◆ Recorded information:
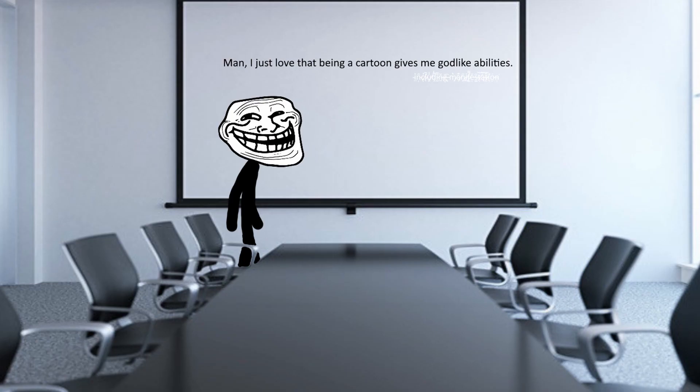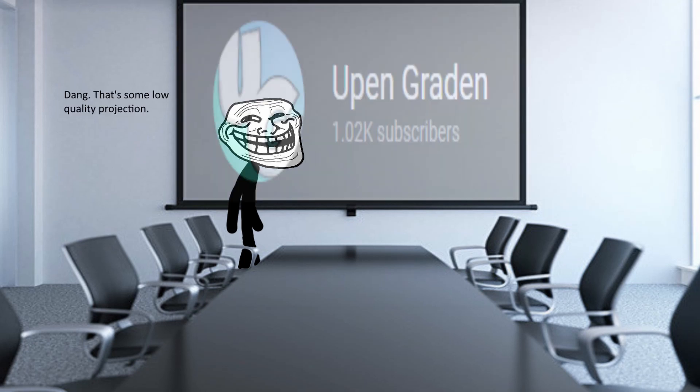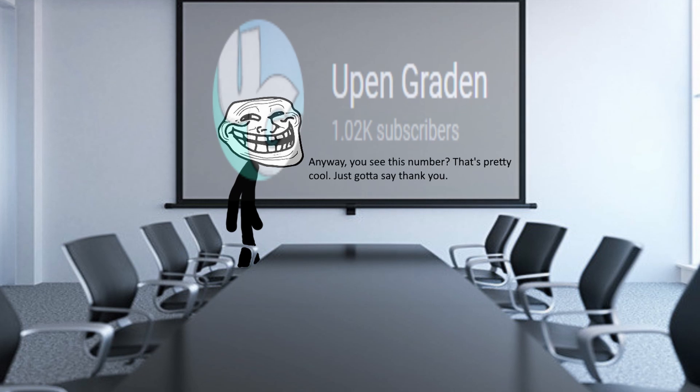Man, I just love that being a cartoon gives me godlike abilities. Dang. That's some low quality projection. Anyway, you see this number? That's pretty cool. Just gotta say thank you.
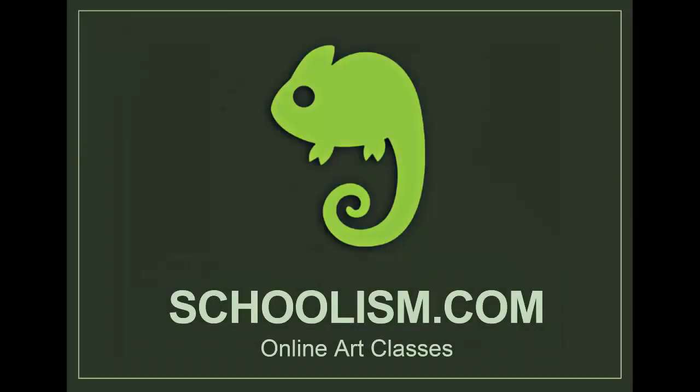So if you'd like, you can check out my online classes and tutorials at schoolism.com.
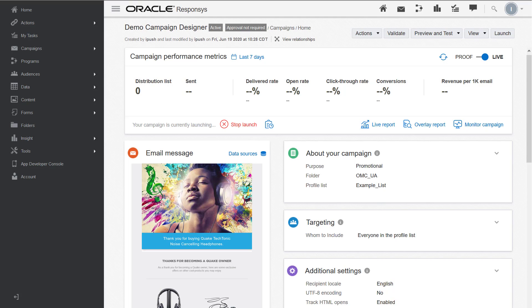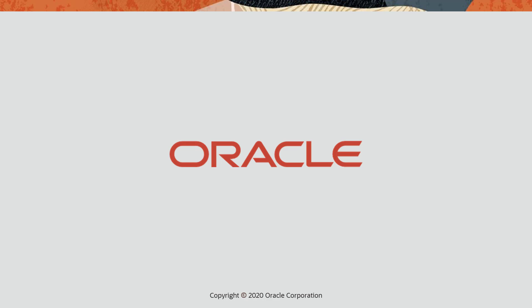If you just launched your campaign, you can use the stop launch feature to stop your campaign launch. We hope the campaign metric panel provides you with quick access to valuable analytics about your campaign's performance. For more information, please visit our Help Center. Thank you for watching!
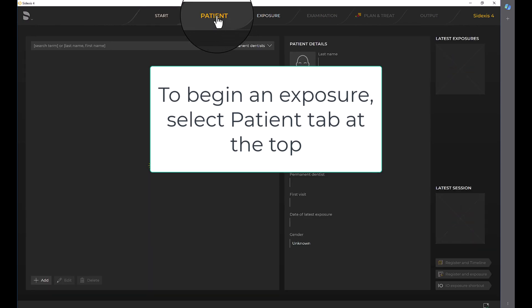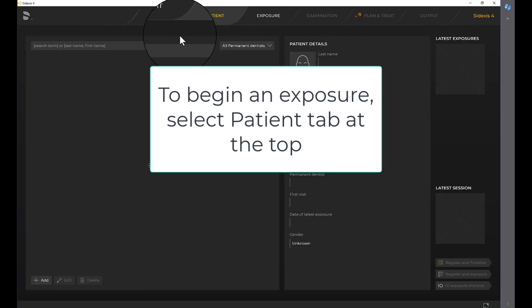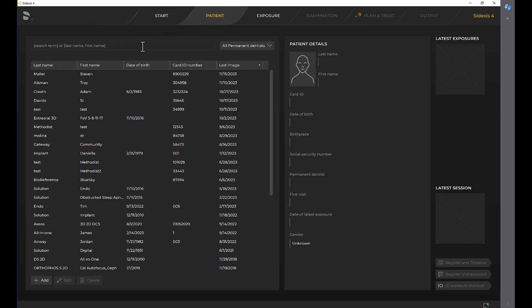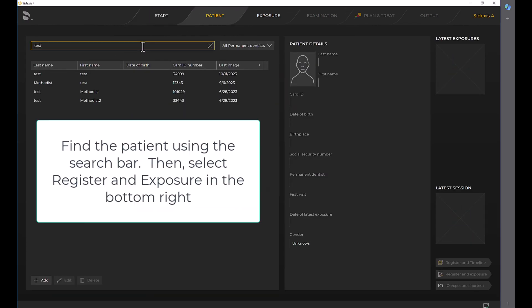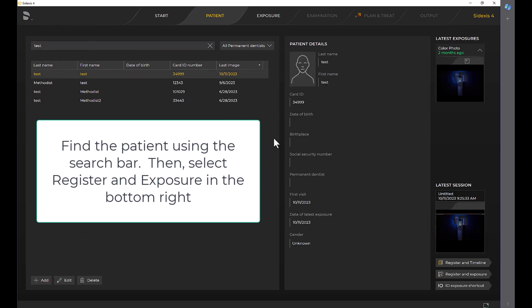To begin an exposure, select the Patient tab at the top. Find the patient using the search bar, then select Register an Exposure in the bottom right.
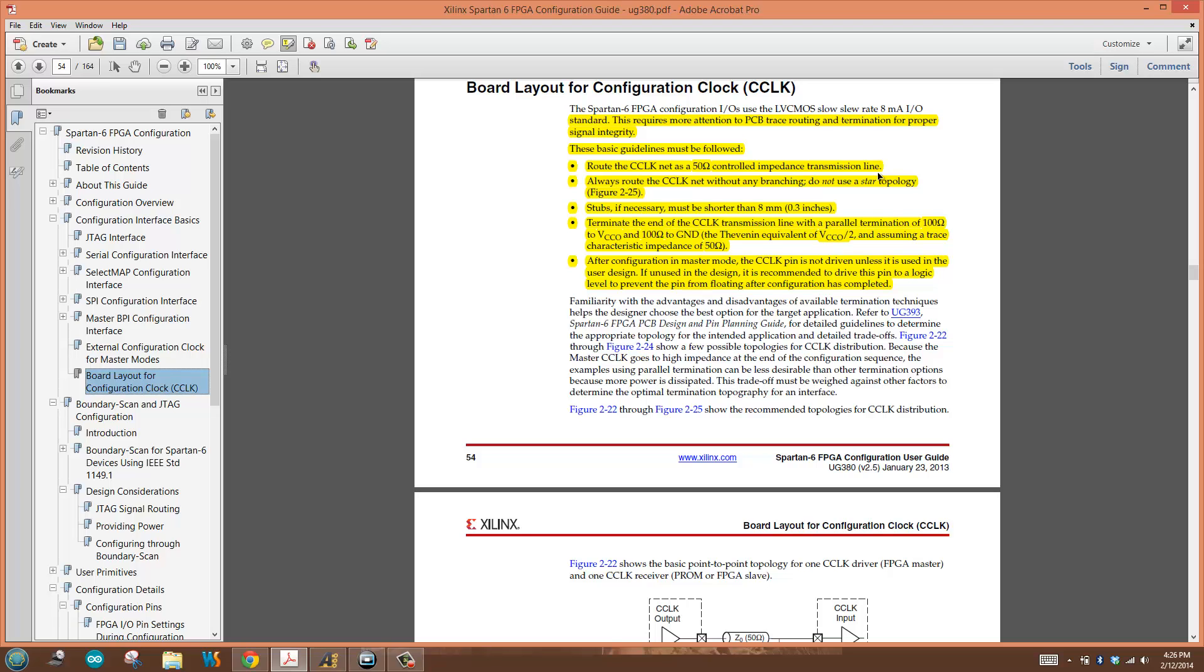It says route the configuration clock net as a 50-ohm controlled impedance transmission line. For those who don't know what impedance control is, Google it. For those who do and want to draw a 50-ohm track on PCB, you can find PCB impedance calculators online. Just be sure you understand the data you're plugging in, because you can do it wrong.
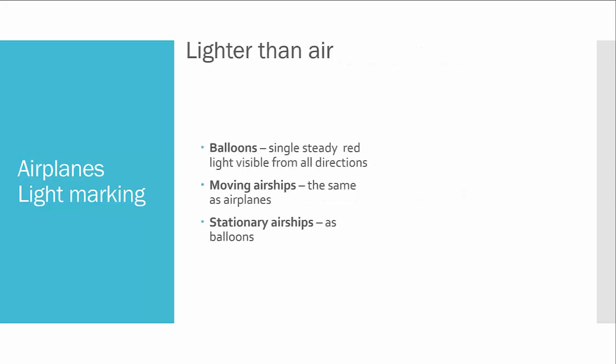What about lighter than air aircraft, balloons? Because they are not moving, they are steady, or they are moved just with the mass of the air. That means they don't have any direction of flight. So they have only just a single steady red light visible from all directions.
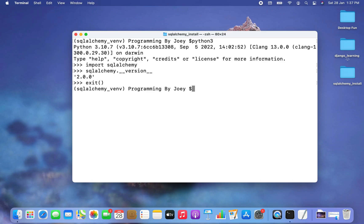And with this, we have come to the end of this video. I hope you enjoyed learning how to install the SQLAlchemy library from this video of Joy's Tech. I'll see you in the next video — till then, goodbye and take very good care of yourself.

==

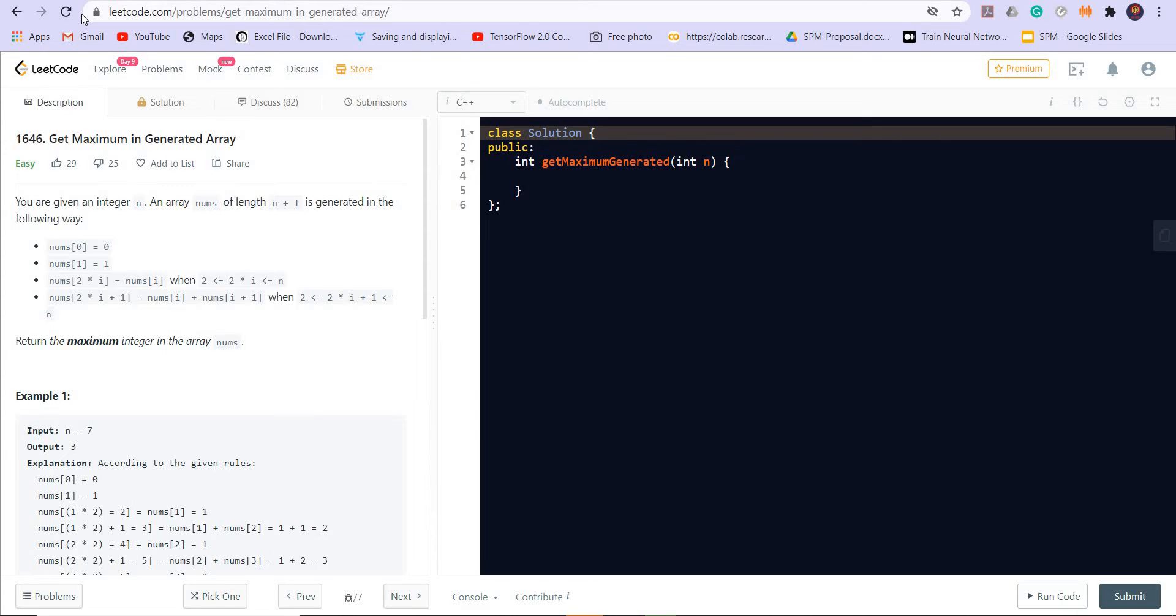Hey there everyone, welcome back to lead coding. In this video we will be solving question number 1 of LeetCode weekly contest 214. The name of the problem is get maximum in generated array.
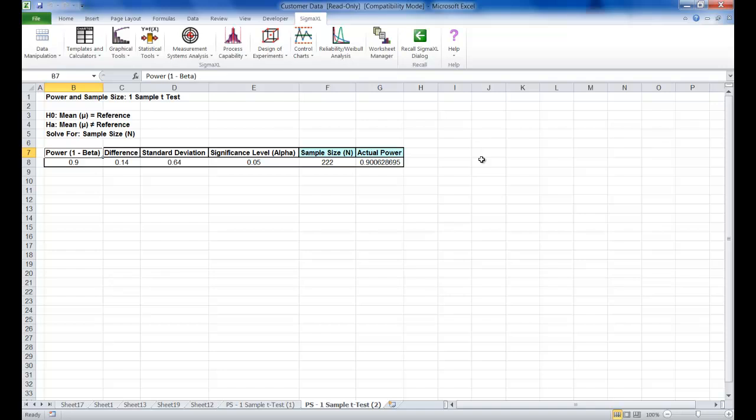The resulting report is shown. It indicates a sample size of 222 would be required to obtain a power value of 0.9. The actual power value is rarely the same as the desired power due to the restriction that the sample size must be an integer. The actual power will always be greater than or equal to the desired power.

◆ Task objective:
In the listing above, find the line containing "Man, I just". Output it and every line after it up to and including the line containing "And with this, we", exactly, but skip the pictures.

◆ Expected answer:
Man, I just love that being a cartoon gives me godlike abilities. Dang. That's some low quality projection. Anyway, you see this number? That's pretty cool. Just gotta say thank you.
So if you'd like, you can check out my online classes and tutorials at schoolism.com.
If you just launched your campaign, you can use the stop launch feature to stop your campaign launch. We hope the campaign metric panel provides you with quick access to valuable analytics about your campaign's performance. For more information, please visit our Help Center. Thank you for watching!
To begin an exposure, select the Patient tab at the top. Find the patient using the search bar, then select Register an Exposure in the bottom right.
It says route the configuration clock net as a 50-ohm controlled impedance transmission line. For those who don't know what impedance control is, Google it. For those who do and want to draw a 50-ohm track on PCB, you can find PCB impedance calculators online. Just be sure you understand the data you're plugging in, because you can do it wrong.
What about lighter than air aircraft, balloons? Because they are not moving, they are steady, or they are moved just with the mass of the air. That means they don't have any direction of flight. So they have only just a single steady red light visible from all directions.
And with this, we have come to the end of this video. I hope you enjoyed learning how to install the SQLAlchemy library from this video of Joy's Tech. I'll see you in the next video — till then, goodbye and take very good care of yourself.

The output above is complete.